* Information shown *
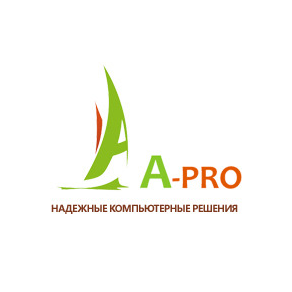 Абсолют-программ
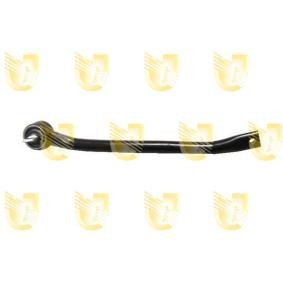 Acquista Barra stabilizzatrice da UNIGOM 392095 a buon mercato per soli 61,99 €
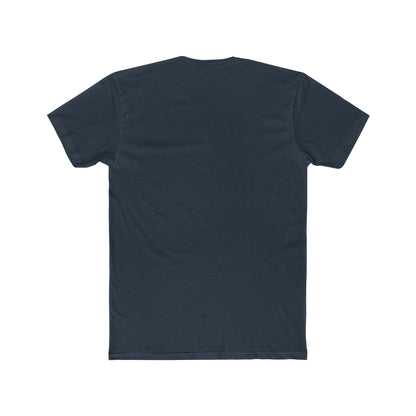 Dead World Clothing "The People's Justice System" Graphic Tee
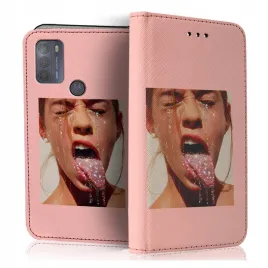 etui-szklo-do-telefonu-motorola-moto-g50-case-pokrowiec-szybka-szkielko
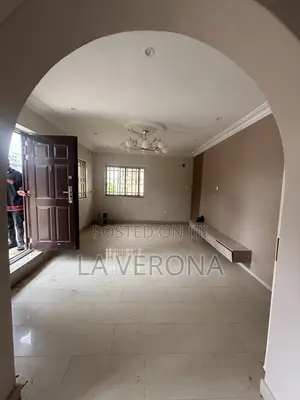 3bdrm Bungalow in Jahi, Kado for rent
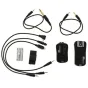 Radio palaidēji - Pixel Radio Trigger Set Pawn TF-364 for Olympus - ātri pasūtīt no ražotāja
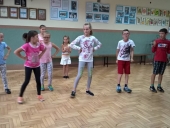 wp_20160801_12_37_08_pro-ok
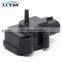 Air Intake Manifold Pressure Sensor 89420-26040 MAP Sensor For Toyota 100798-1810 8942026040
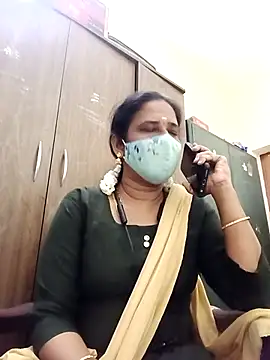 tamil Boomika online show from March 24, 2026, 2:44 pm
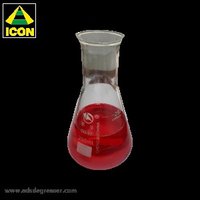 IC-502 General Metal cleaning agent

* What to produce *
Please print the lines exactly, from the top of the material through the line with "wp_20160801_12_37_08_pro-ok", and omit the pictures.

* Exercise solution *
 Абсолют-программ
 Acquista Barra stabilizzatrice da UNIGOM 392095 a buon mercato per soli 61,99 €
 Dead World Clothing "The People's Justice System" Graphic Tee
 etui-szklo-do-telefonu-motorola-moto-g50-case-pokrowiec-szybka-szkielko
 3bdrm Bungalow in Jahi, Kado for rent
 Radio palaidēji - Pixel Radio Trigger Set Pawn TF-364 for Olympus - ātri pasūtīt no ražotāja
 wp_20160801_12_37_08_pro-ok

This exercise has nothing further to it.